Dalla  corrispondenza   epistolare:        Nazario Pardini – Dino Carlesi


                                         

                                                          PARDINI FOTO.jpg   di Nazario Pardini 


La Poesia non è solo questo deve (mi scrive Dino Carlesi: La Poesia moderna deve essere ambigua... né deve fare avvertire un eccesso di determinazioni, di aggettivi... di significati troppo precisi),  ma è qualcosa di molto più semplice o di molto più misterioso, se si vuole. Io non darei tanto valore al contenuto, quanto all’anima che lo ospita; né ridurrei il tutto ad una questione di forma prototipo da generalizzare, piuttosto darei spazio a un dire personale. E proprio ogni tematica, sia religiosa che politica, sia agreste che erotica, o altro, può assurgere all’Olimpo misterioso del Parnaso, ammesso che, una volta tuffata in un animo che la vive con giusta intensità,  venga, poi, resa immagine. Sennò non si capirebbe come tanti scrittori e, Dante stesso, siano riusciti a compiere capolavori con argomenti quantomeno vari e diciamo pure scabrosi (teologici, filosofici...) per un registro poetico. E nemmeno si capirebbe come Pirandello sia riuscito a tradurre il suo pensiero filosofico di forma e  vita, cerebrale e preciso nelle sue pur variegate creazioni, in così tanta poesia umana quale in effetti è la sua. Nel saggio epistolare che mi hai dedicato, mi permetto di notare un insieme di regole e di ragionamenti che rischiano di inficiare la vera anima del canto: la libertà. La Poesia è un grande mistero e come tale pretende il suo alone di ambiguità e indeterminatezza, certo, ma anche questa affermazione rischia di costringere l’autore ad un dire obbligato: non si può condannare una forma perché diversa dalla nostra o perché si allontana (troppo precisa) da un’ipotetica via che, unica, possa collegare l’esistere di noi poveri mortali al mondo di Orfeo. Cosa che io mi permetto di considerare fuori dal tempo se si pensa che la libertà (la più grande conquista dell’arte) era già stata conseguita dai Romantici, anche se il poeta romantico chiedeva la decifrazione del suo mondo interiore. Ogni poeta, e non solo, ha la sua vicenda da narrare e lo fa con un suo stile e con una sua voce (certamente essere in possesso delle tecniche della scrittura è indispensabile).

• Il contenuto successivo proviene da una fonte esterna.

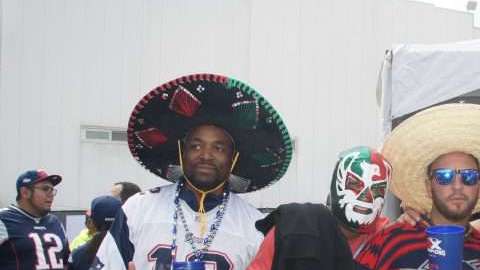 La fiesta de los aficionados de la NFL fue increíble a las afueras del Estadio Azteca de la Ciudad de México.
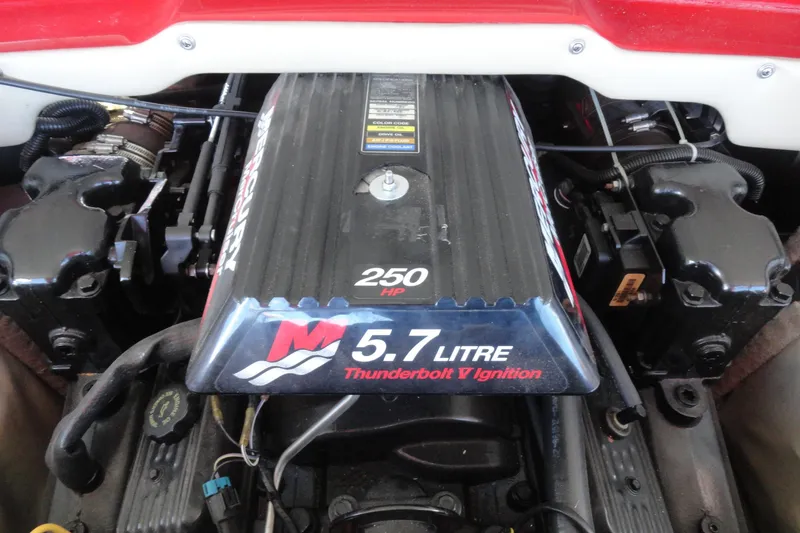 Slide: The Image of Engine of 2000 Crownline 202 BR LPX, 5.7L, 250 HP, Thunderbolt V Ignition. - 18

Quanto poi alla indeterminatezza e laconicità espressive che lascino spazio alla immaginazione del fruitore, non sono certamente cosa nuova. Il Leopardi stesso affermava che la Poesia deve essere vaga in modo che ogni lettore se ne possa vestire. E per raggiungere lo scopo si serviva dei suoi arcaismi. Ma io credo che ognuno si debba esprimere con lo stile che più gli confà. Con quello che gli sgorga direttamente dall’anima senza cadere troppo nel tecnicismo, nella freddezza del ritocco e dell’accomodamento; anche se a volte necessari, tendono più ad adattare un verso ad un ragionamento che ad uno stato d’animo. E quando leggiamo poesia il discorso è sempre personificabile e lo è soprattutto se assolve alla sua vera funzione di indagare l’anima universale. Dire poi che cosa sia o perché la si scriva è come chiedere il perché si respiri. Troppo o nulla si potrebbe dire, ma è di certo la maniera più nobile di riconoscerci umani, indipendentemente dalla buona o dalla cattiva sorte. D’altronde quanti si saranno tormentati sugli interrogativi della poesia. Nel corso della storiografia critica ci imbattiamo nelle più svariate interpretazioni.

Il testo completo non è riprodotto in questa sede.